Saturday, April 13, 2024

Kolheisel's Daughters was the first film I viewed at the 2024 Hong Kong International Film Festival (Film review)

  
Tickets for the 2024 Hong Kong International Film Festival :)
 
Kohlheisel's Daughters (Germany, 1920)
- Ernst Lubitsch, director and co-scriptwriter (along with Hanns Kräly)
- Starring: Henny Porten, Emil Jannings, Gustav von Wangenheim
- Part of the Hong Kong International Film Festival's Restored Classics program
 
It used to be that I'd be able to get a ticket for at least one of the opening films (there usually are two) of the Hong Kong International Film Festival.  For the fourth year in a row though, I was unable to do so -- as tickets for screenings of Hong Kong films (which the opening films tend to be, though there have been exceptions (e.g., in 2018)) tend to get snapped up pretty quickly these days; thanks in some part to there Hong Kong films having reconnected with local audiences in recent years, and also to some extent because people have come to worry that certain local films won't get screened outside of the HKIFF (cf.

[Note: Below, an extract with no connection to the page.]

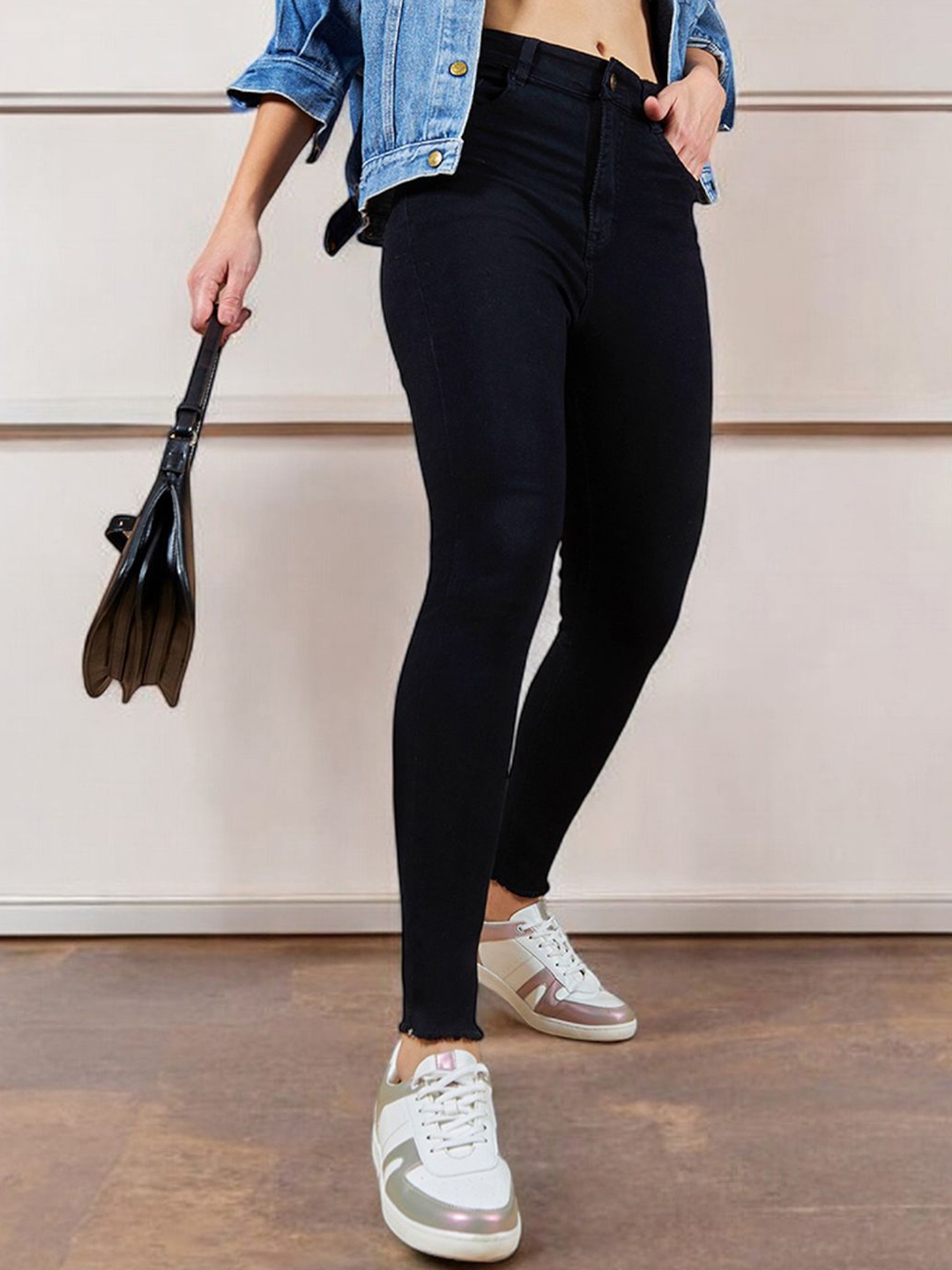 

Miss Chase Women Skinny Fit High-Rise Heavy Fade Stretchable Jeans, Blue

Stanley Kwan's First Night Nerves (2018)).
 
Thus it was that my HKIFF-ing began on the second day of this year's Hong Kong International Film Festival: with a screening of the 4K restored version of Ernst Lubitsch's silent comedy, Kohlheisel's Daughters; with live musical accompaniment courtesy of the Hong Kong New Music Ensemble.  An adaptation of the play Kohlhiesel's Daughters by Hanns Kräly, Lubitsch's frequent collaborator, this 1920 film went on to be remade three times; a testament to the original's success, and the story of two very different sisters and the main men in their lives striking a chord with audiences of the day.
 
In view of the film now being 104 years old, it's fair to say that Kohlheisel's Daughters show its age; with a storyline that involves daughters requiring their father's permission to marry, characterisations of women that are on the sexist side by today's standards, and a depiction of a travelling salesman that looks to have an anti-Semitic tinge.  At the same time though, the passing of more than a century cannot prevent viewers from admiring the talent of lead actress Henny Porten -- who portrayed not just one but both of Kohlheisel's daughters... and invested them with such distinct personalities that there was no mistaking one for the other!    
 
Porten is first seen as Gretel, a maiden who cares about her appearance and attracts the attention of many men, including Xavier (played by Emil Jannings), who falls so hard for her that he seeks her hand in marriage.  Papa Kohlheisel (essayed by Jakob Tiedke) refuses to let Gretel marry before her rough, tough sister Liesel (also played by Henny Porten) though; leaving Xavier frustrated, until his friend Seppl (played by Gustav von Wangenheim) suggests that Xavier marry Liesel, then acts so awful to her that she will leave him, so he's cleared to then marry Gretel! 
 
Suffice to say that things don't go as Xavier expects.  Still, things do end up in a way that he and a number of others find quite satisfactory!  Speaking of satisfactory: it's actually quite hard for me to see why any woman would want the physically strong but generally oafish Xavier for a husband.  I guess what got a man appearing to be a good catch was very different in 1920s rural Germany to now, even -- I'd wager -- in the same land!